Futuremark 3DMark Vantage

Futuremark 3DMark06

Futuremark 3DMark05

Futuremark 3DMark03

So the first point of interest is just how much faster the G73SW is compared to the G73JW. It leads by 45% in PCMark Vantage (and that’s without an SSD), 32% in the older PCMark05, and anywhere from 20% in the single-threaded Cinebench results to as much as 58% in the multi-threaded tests. In fact, all of the heavily threaded benchmarks are at least 50% faster with Sandy Bridge. Wow. But we already knew that. What about some more recent competition?

MSI’s GT680R has pretty much the same specs, only with RAID0 HDDs instead of individual drives. Oddly enough, the G73SW still came out slightly ahead in PCMark Vantage (by 5%), a test that’s particularly kind to fast storage subsystems (particularly SSDs). PCMark05 puts the GT680R ahead by a similar margin (3.5%), but Vantage is arguably more pertinent in today’s market. Elsewhere, the comparison is largely a wash, with MSI winning three, ASUS winning two, and a tie in the final test. All of the margins of victory are close enough to call it a tie. So, despite having a larger (and ostensibly cooler running) chassis, the G73SW delivers about the same performance as that of the GT680R, which is still very good.

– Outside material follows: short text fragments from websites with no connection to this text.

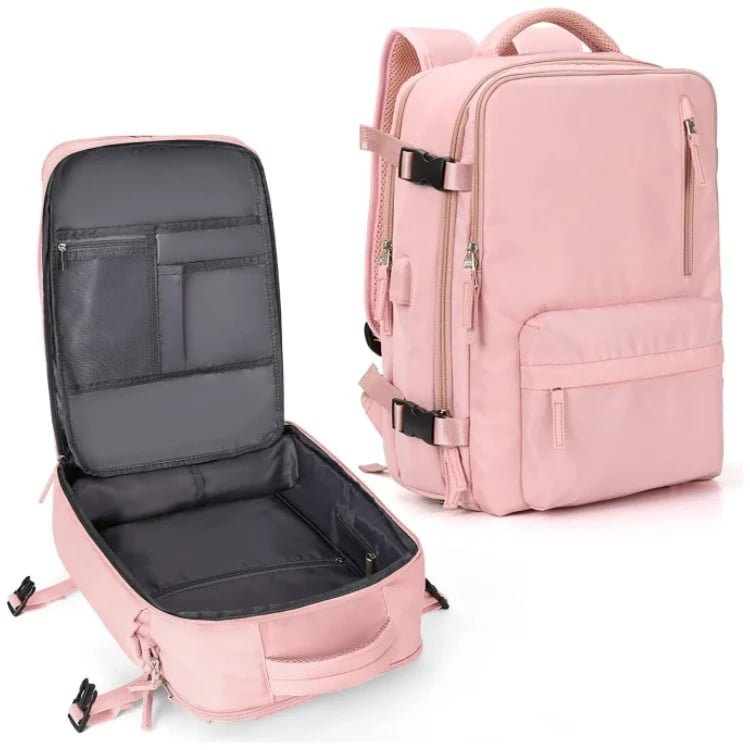 Zaino da Viaggio Impermeabile Medio per Laptop – Borsa da 35L Leggera e Resistente per Escursioni, Campeggio, Trekking e Viaggi – per Uomo e Donna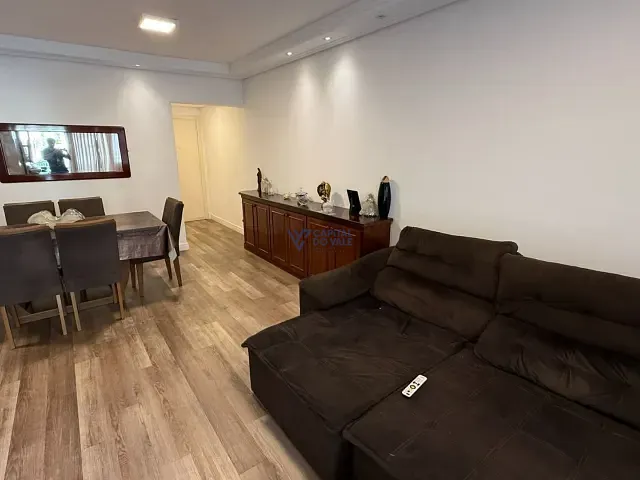 Apartamento 3 quartos e 2 banheiros, à venda, no bairro Jardim Alvorada em São José dos Campos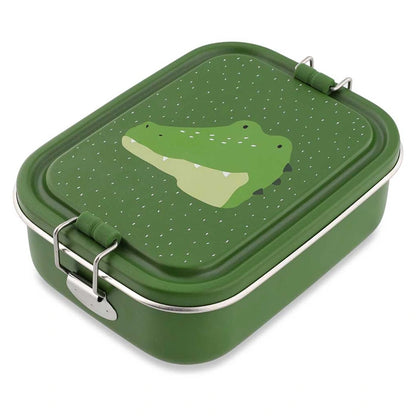 Trixie Stainless Steel Lunch Box Small (Mr. Alligator)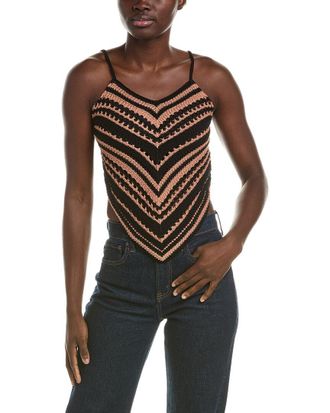525 america Carrie Fauxchet Stripe Cami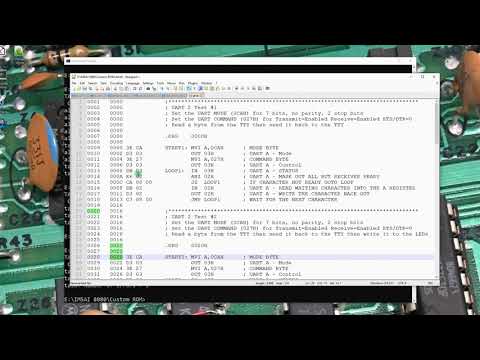 IMSAI 8080 Replica - Part 20 - Creating custom ROMs - STB348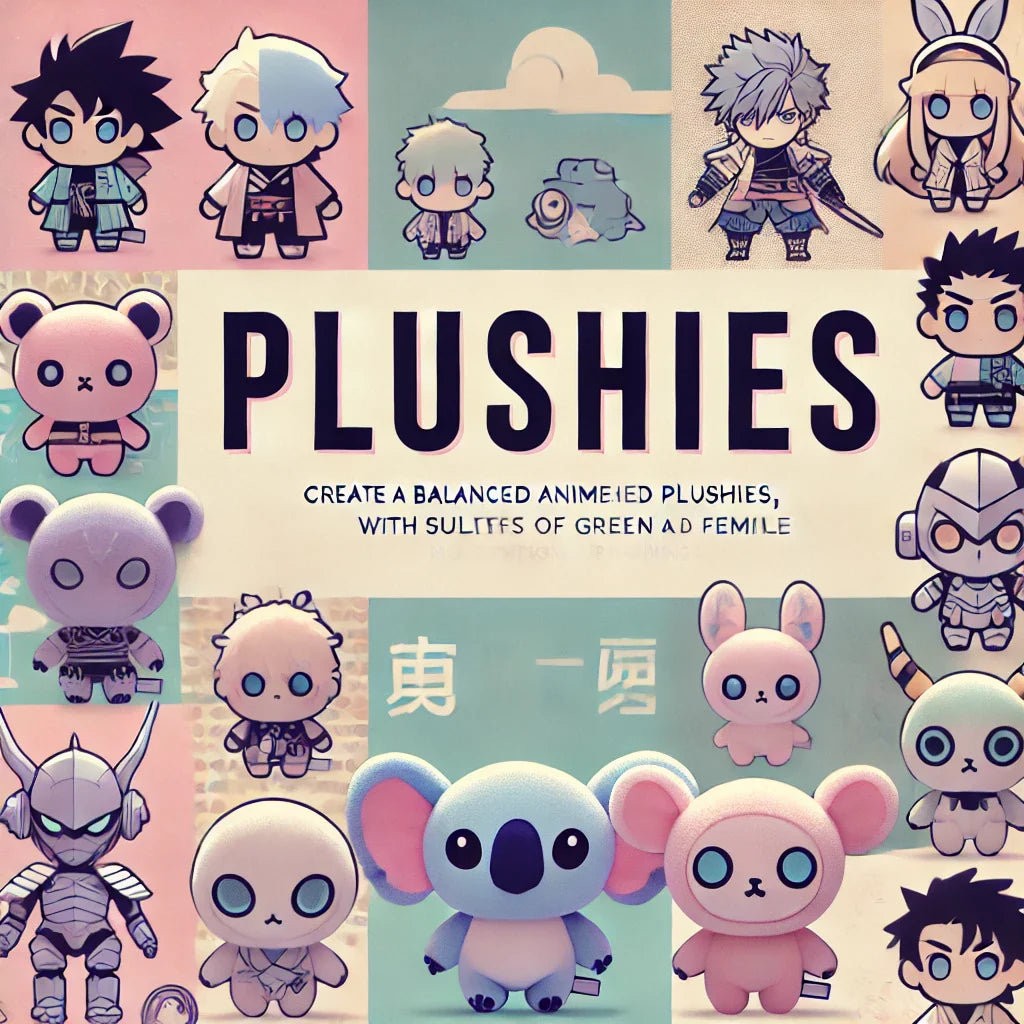 Plushies - Tokyowai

The other point of comparison is the recent Clevo P170HM, which has a faster i7-2720QM CPU and a much faster GTX 485M GPU. The latter mostly won’t matter here (except for PCMark05), but the 2720QM does carry a small clock speed advantage, and the Crucial C300 SSD will definitely help in PCMark Vantage—good for a 21% lead, in fact. it has an 18% lead in PCMark05, with help from both the SSD and GPU. The remaining tests are purely CPU limited, and the lead ranges from 3-5% in x264 encoding to as much as 15% in the single-threaded Cinebench result where the more aggressive Turbo Boost on the 2720QM comes into play.

Recall that the 2720QM can Turbo to 3.3GHz from the stock 2.2GHz for single-threaded work, and still hit as high as 3.0GHz with all four cores active; in contrast, the 2630QM maxes out at 2.9GHz single-threaded, or 2.6GHz for all four cores. It looks as though x264 encoding isn’t able to Turbo as high as Cinebench for some reason, as even the heavily CPU bottlenecked second pass is still only 5% faster with the 2720QM, despite a potential 10% to 15% clock speed advantage—or maybe it’s that the G73SW is able to run at the maximum 2.6GHz, whereas the P170HM might have to drop down to 2.7-2.8GHz due to temperature.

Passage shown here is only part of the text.